Nu no quarto
quarta-feira, 27 de fevereiro de 2013
A vida começa em mim também nas semelhanças, na capacidade de afeto, no desenvolvimento da reflexão. A vida sempre esteve em mim. Mas e os olhos pra ver? Não tinha. Mas como tudo acontece, sem querer me peguei olhando no espelho pela primeira vez. Era em um bar e eu conseguia ouvir o barulho la fora, estava no banheiro. Quando percebi meus olhos me olhavam. Medo foi meu primeiro comportamento de defesa, medo condicionado. Olhei de volta e encarei, como não podia? Era eu ali me olhando. Notei as características mais profundas da região castanho escuro dos meus olhos. Notei os rasgos que elas tem, mudando de cor gradativamente, num vai e vem igual aurora. A partir dai, conheci o silêncio do meu interior. Foi quanto me toquei pela primeira vez. Foi desse ponto em diante que minha mente passou a perceber o tempo.
Como é incrível o silêncio, é a parte que mais gosto em mim, a escuridão. Não a escuridão negra como noite sem estrelas, mas a escuridão do universo, de todas as cores juntas, todas as razões juntas. Desde o primeiro toque, a vida se expandiu em mim, e eu sendo obrigado, fui engolindo e expandindo junto. Somos todos semelhantes, porém é a diferença que nos torna únicos. Eu tenho meus rasgos castanhos nos olhos, ela tem os azuis.
Hoje, mais uma vez a vida me batizou com uma graça. Fiquei nu no quarto e me olhei ao espelho, 3 anos depois do primeiro toque. Quando vi meu corpo, minhas formas, meus dedos, as unhas, o pé. Todo esse mecanismo desenvolvido minuciosamente pra sobreviver selvagemente, lentamente transformado pela minha mente em um mecanismo frágil a própria vida. Mesmo assim me encantei e pude então sorrir pelos olhos. Pude perceber as semelhanças minhas com todas as outras formas de vida, e me tocar no rosto como se minhas mãos fossem toda a verdade da vida, irradiando-se sobre mim.

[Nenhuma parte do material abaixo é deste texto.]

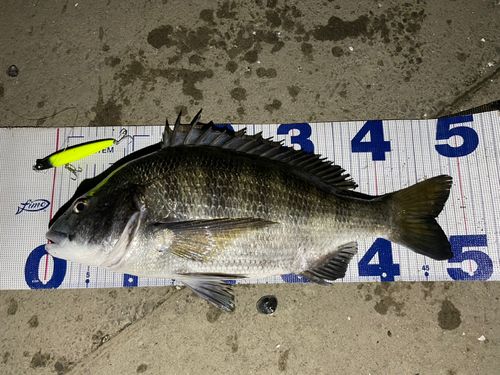 チヌの釣果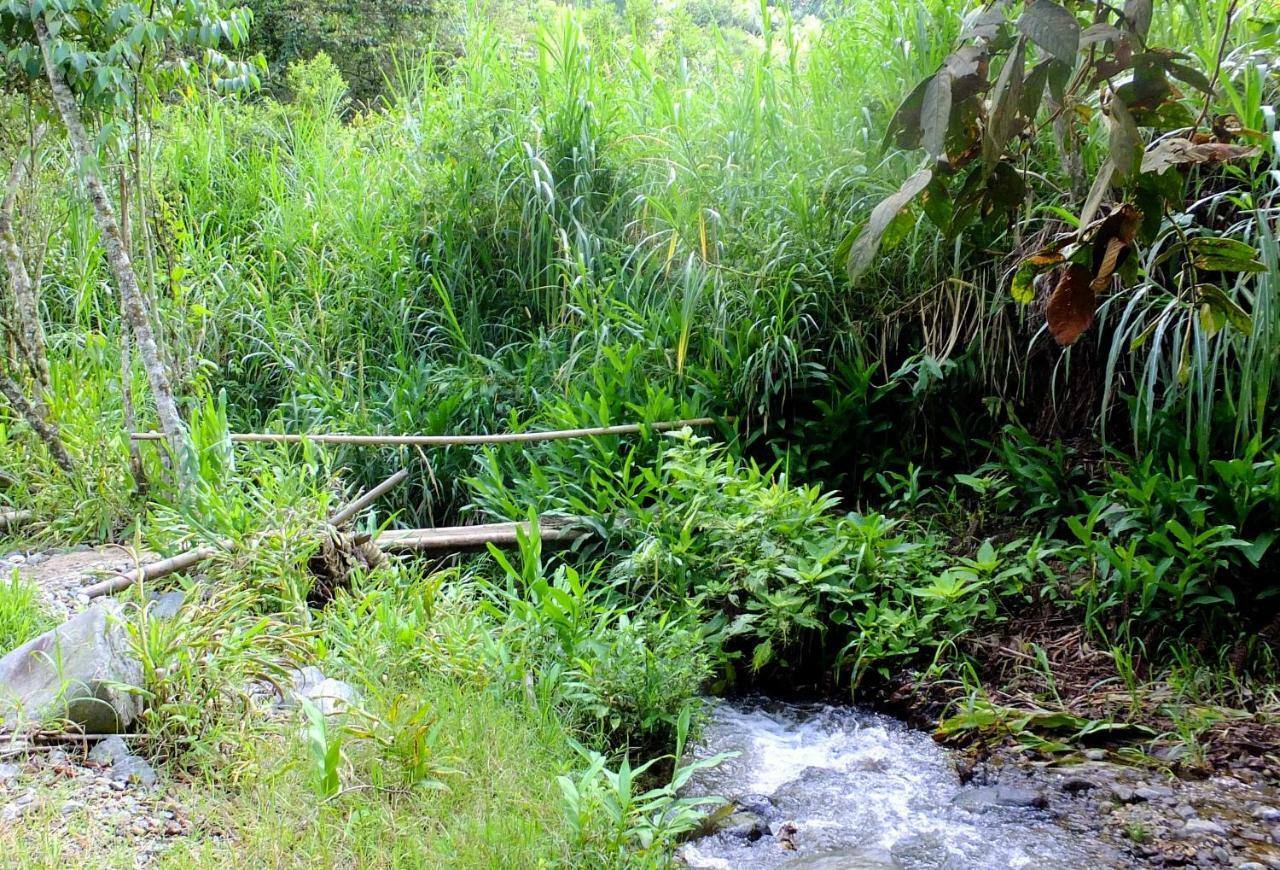 Sonarte Reserva Natural Кордоба Экстерьер фото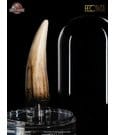 Jurassic Park III Prop Replica 1/1 Spinosaurus Tooth 14 cm by Elite Creature Collectibles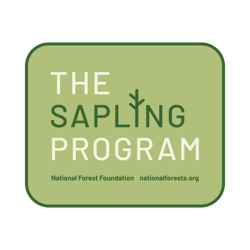SaplingProgram_Badge_Sage SaplingProgram_Badge_Sage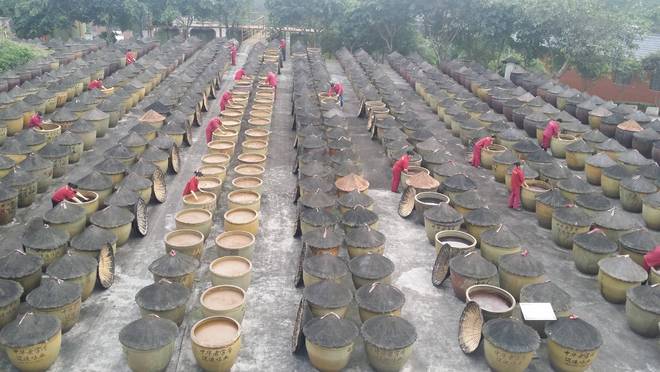 年匠心酿岁月 薪火相传谱新篇麻将胡了app江津酿造：百(图2)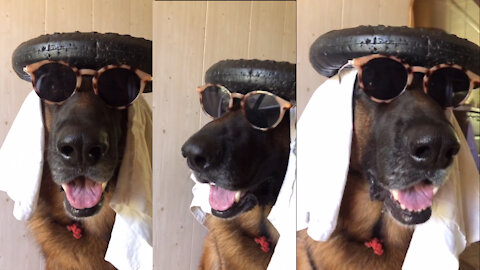 THIS SHEEPDOG LOOKS LIKE A SHEIKH | FUNNY DOG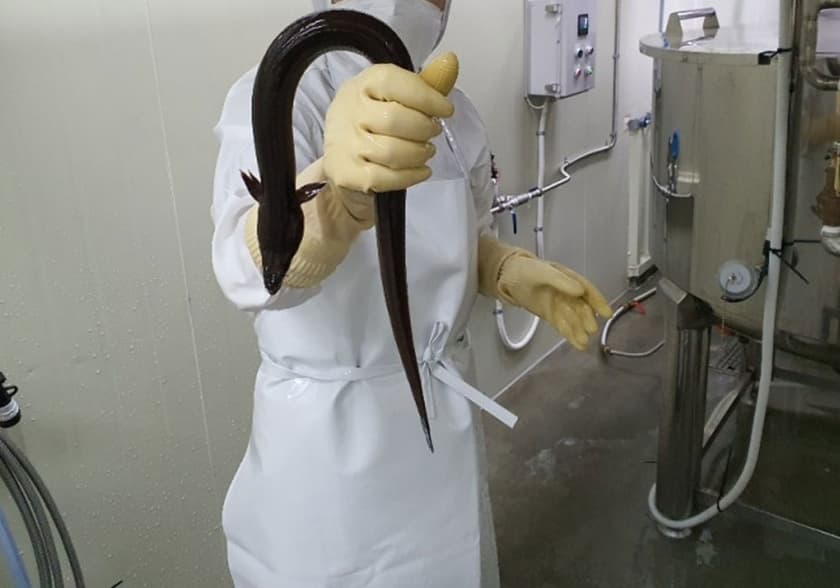 짱어둥둥장어곰탕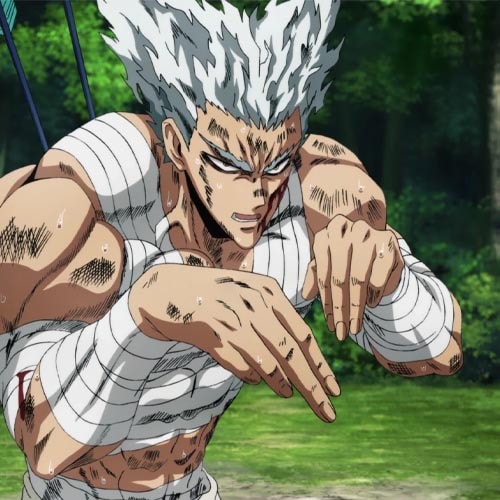 Garou (One Punch Man)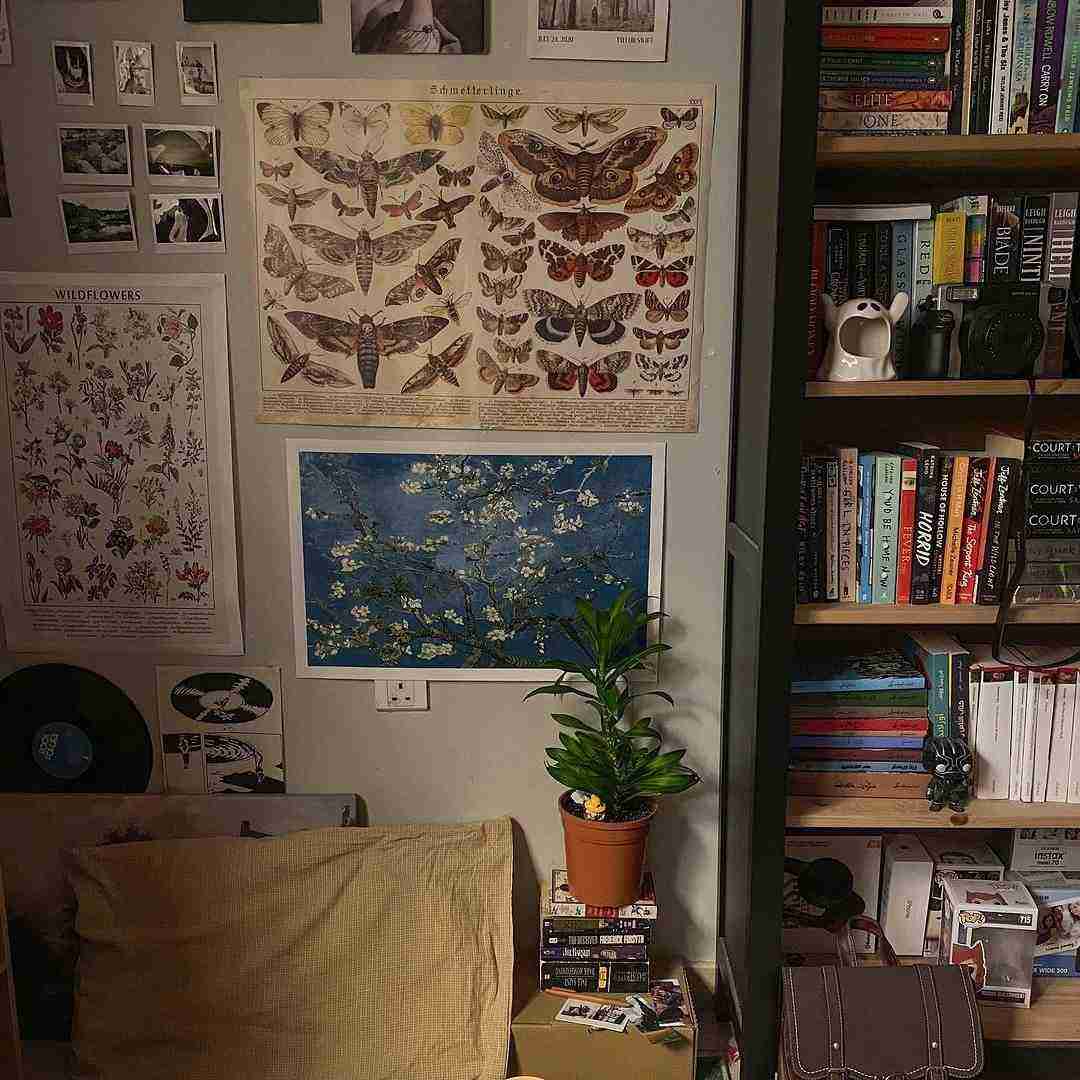 دانلود آهنگ ده ترسم بمرم جوانی نه تبییمه وه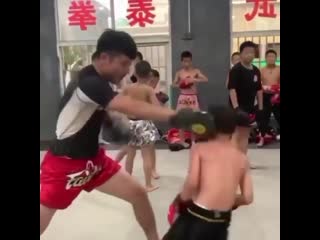 estimate the speed of defense of a young boxer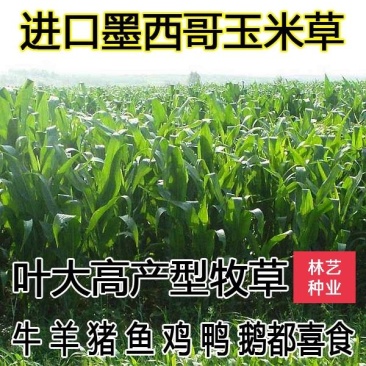 墨西哥玉米草种子四季养殖多年生再生进口猪牛羊兔畜禽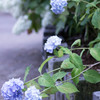 紫陽花②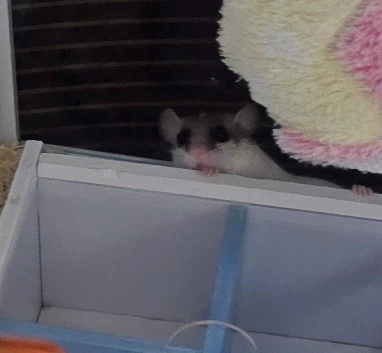 울집 잠쥐는 날 싫어한다_2.webp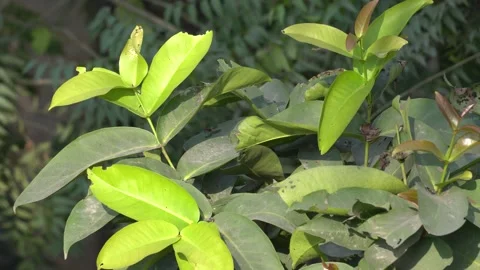 Jam Tree Leaves Portrait 4K Video Nature Stock Footage 299731105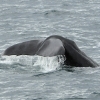 3107 sperm whale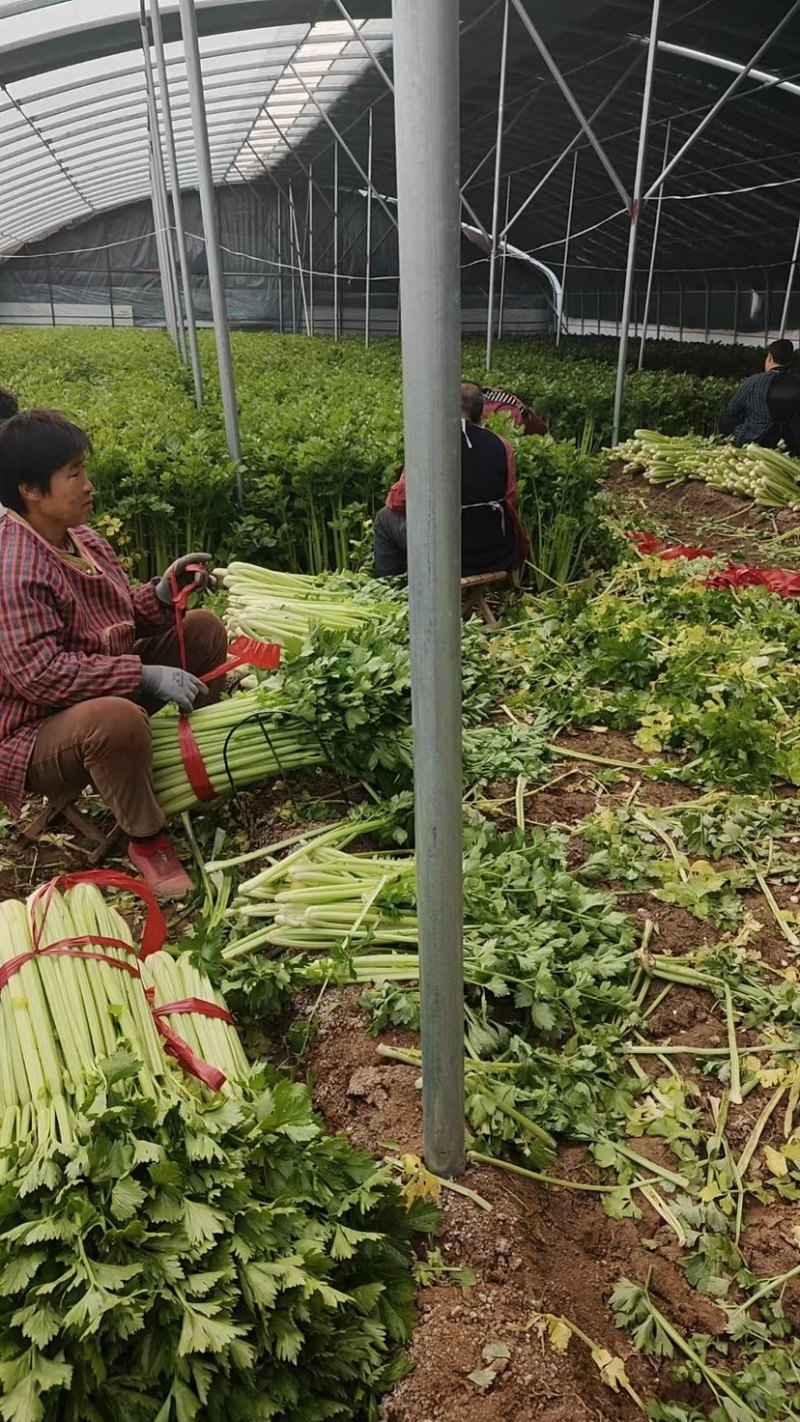 皇后芹菜大量供应产地批发诚信经营欢迎老板来电洽谈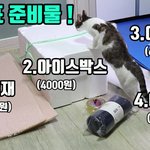 [고양이] 자리 허락받고 길냥이 집 만들어뒀어요!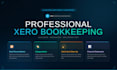 xero bookkeeping, bank reconciliation, categorization, catch up, and clean up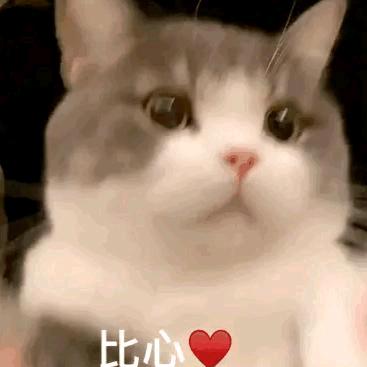 哎呀毕老师（三角洲行动）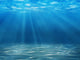 Tranquil Underwater Scene with Wall Decal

É como se eu e o universo mantivessemos contato secretamente. Quando precisar é só imaginar qualquer canto dele, que vai estar lá, algo pensando em mim também, com a mesma admiração por sermos tão incertos. Somos tão incertos quanto o esperatozóide que me deu vida, quanto ao óvulo que me deu continuidade, quanto a força linda que me carrega enquanto carne. O tempo.